# Action item:
Please transcribe the data exactly, with nothing left out.

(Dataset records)
◇ ◇ ◇
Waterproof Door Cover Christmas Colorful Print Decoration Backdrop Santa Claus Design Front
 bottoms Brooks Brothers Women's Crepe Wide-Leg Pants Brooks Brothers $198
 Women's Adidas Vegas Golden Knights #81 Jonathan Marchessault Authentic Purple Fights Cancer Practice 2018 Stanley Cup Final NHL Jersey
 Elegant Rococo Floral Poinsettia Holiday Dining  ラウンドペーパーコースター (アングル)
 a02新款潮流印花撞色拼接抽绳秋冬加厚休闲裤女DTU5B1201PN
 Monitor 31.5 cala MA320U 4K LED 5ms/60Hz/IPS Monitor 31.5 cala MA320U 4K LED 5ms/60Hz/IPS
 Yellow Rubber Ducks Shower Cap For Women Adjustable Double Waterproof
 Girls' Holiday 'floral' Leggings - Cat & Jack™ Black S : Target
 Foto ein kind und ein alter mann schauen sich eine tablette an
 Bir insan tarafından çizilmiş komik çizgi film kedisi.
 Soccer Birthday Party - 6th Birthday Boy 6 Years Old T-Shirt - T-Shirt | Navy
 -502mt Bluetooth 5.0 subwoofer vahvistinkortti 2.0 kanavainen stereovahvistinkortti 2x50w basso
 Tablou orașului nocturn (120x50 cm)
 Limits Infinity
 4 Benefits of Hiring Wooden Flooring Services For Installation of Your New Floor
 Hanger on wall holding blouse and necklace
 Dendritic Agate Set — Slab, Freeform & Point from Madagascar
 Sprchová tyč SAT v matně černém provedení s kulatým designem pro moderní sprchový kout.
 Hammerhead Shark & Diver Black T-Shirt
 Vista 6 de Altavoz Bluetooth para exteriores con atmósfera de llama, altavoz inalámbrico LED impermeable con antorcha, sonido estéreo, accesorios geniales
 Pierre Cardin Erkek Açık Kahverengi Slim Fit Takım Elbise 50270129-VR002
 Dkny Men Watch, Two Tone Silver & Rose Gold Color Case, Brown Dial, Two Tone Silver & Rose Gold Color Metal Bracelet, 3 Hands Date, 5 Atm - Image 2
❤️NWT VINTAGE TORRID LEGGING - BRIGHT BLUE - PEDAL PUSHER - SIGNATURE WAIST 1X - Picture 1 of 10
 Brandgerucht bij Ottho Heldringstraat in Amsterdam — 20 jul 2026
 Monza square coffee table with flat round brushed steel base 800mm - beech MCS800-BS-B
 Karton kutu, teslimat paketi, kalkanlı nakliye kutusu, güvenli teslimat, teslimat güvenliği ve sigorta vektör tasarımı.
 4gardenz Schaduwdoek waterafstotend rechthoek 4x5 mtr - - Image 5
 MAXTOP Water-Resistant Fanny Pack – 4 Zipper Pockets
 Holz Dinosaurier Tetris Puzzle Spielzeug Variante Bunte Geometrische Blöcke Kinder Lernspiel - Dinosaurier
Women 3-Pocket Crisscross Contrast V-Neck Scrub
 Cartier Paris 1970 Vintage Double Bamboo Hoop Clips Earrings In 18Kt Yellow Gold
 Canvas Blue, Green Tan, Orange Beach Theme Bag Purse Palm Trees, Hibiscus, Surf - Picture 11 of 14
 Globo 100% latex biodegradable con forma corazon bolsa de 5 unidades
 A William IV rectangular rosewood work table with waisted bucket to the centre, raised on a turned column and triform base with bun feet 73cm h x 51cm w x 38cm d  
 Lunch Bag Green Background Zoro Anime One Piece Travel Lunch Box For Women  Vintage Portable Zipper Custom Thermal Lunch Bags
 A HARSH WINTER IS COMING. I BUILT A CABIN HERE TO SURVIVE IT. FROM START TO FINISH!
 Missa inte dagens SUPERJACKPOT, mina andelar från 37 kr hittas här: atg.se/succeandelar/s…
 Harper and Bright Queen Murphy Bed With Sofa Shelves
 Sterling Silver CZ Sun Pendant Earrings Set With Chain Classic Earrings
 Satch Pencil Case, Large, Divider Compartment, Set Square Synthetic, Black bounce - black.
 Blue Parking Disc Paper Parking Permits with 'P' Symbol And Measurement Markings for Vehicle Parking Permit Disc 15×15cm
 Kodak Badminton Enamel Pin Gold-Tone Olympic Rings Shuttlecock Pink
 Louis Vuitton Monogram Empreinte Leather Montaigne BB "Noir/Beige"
◇ ◇ ◇
# Response for this exercise:
Waterproof Door Cover Christmas Colorful Print Decoration Backdrop Santa Claus Design Front
 bottoms Brooks Brothers Women's Crepe Wide-Leg Pants Brooks Brothers $198
 Women's Adidas Vegas Golden Knights #81 Jonathan Marchessault Authentic Purple Fights Cancer Practice 2018 Stanley Cup Final NHL Jersey
 Elegant Rococo Floral Poinsettia Holiday Dining  ラウンドペーパーコースター (アングル)
 a02新款潮流印花撞色拼接抽绳秋冬加厚休闲裤女DTU5B1201PN
 Monitor 31.5 cala MA320U 4K LED 5ms/60Hz/IPS Monitor 31.5 cala MA320U 4K LED 5ms/60Hz/IPS
 Yellow Rubber Ducks Shower Cap For Women Adjustable Double Waterproof
 Girls' Holiday 'floral' Leggings - Cat & Jack™ Black S : Target
 Foto ein kind und ein alter mann schauen sich eine tablette an
 Bir insan tarafından çizilmiş komik çizgi film kedisi.
 Soccer Birthday Party - 6th Birthday Boy 6 Years Old T-Shirt - T-Shirt | Navy
 -502mt Bluetooth 5.0 subwoofer vahvistinkortti 2.0 kanavainen stereovahvistinkortti 2x50w basso
 Tablou orașului nocturn (120x50 cm)
 Limits Infinity
 4 Benefits of Hiring Wooden Flooring Services For Installation of Your New Floor
 Hanger on wall holding blouse and necklace
 Dendritic Agate Set — Slab, Freeform & Point from Madagascar
 Sprchová tyč SAT v matně černém provedení s kulatým designem pro moderní sprchový kout.
 Hammerhead Shark & Diver Black T-Shirt
 Vista 6 de Altavoz Bluetooth para exteriores con atmósfera de llama, altavoz inalámbrico LED impermeable con antorcha, sonido estéreo, accesorios geniales
 Pierre Cardin Erkek Açık Kahverengi Slim Fit Takım Elbise 50270129-VR002
 Dkny Men Watch, Two Tone Silver & Rose Gold Color Case, Brown Dial, Two Tone Silver & Rose Gold Color Metal Bracelet, 3 Hands Date, 5 Atm - Image 2
❤️NWT VINTAGE TORRID LEGGING - BRIGHT BLUE - PEDAL PUSHER - SIGNATURE WAIST 1X - Picture 1 of 10
 Brandgerucht bij Ottho Heldringstraat in Amsterdam — 20 jul 2026
 Monza square coffee table with flat round brushed steel base 800mm - beech MCS800-BS-B
 Karton kutu, teslimat paketi, kalkanlı nakliye kutusu, güvenli teslimat, teslimat güvenliği ve sigorta vektör tasarımı.
 4gardenz Schaduwdoek waterafstotend rechthoek 4x5 mtr - - Image 5
 MAXTOP Water-Resistant Fanny Pack – 4 Zipper Pockets
 Holz Dinosaurier Tetris Puzzle Spielzeug Variante Bunte Geometrische Blöcke Kinder Lernspiel - Dinosaurier
Women 3-Pocket Crisscross Contrast V-Neck Scrub
 Cartier Paris 1970 Vintage Double Bamboo Hoop Clips Earrings In 18Kt Yellow Gold
 Canvas Blue, Green Tan, Orange Beach Theme Bag Purse Palm Trees, Hibiscus, Surf - Picture 11 of 14
 Globo 100% latex biodegradable con forma corazon bolsa de 5 unidades
 A William IV rectangular rosewood work table with waisted bucket to the centre, raised on a turned column and triform base with bun feet 73cm h x 51cm w x 38cm d  
 Lunch Bag Green Background Zoro Anime One Piece Travel Lunch Box For Women  Vintage Portable Zipper Custom Thermal Lunch Bags
 A HARSH WINTER IS COMING. I BUILT A CABIN HERE TO SURVIVE IT. FROM START TO FINISH!
 Missa inte dagens SUPERJACKPOT, mina andelar från 37 kr hittas här: atg.se/succeandelar/s…
 Harper and Bright Queen Murphy Bed With Sofa Shelves
 Sterling Silver CZ Sun Pendant Earrings Set With Chain Classic Earrings
 Satch Pencil Case, Large, Divider Compartment, Set Square Synthetic, Black bounce - black.
 Blue Parking Disc Paper Parking Permits with 'P' Symbol And Measurement Markings for Vehicle Parking Permit Disc 15×15cm
 Kodak Badminton Enamel Pin Gold-Tone Olympic Rings Shuttlecock Pink
 Louis Vuitton Monogram Empreinte Leather Montaigne BB "Noir/Beige"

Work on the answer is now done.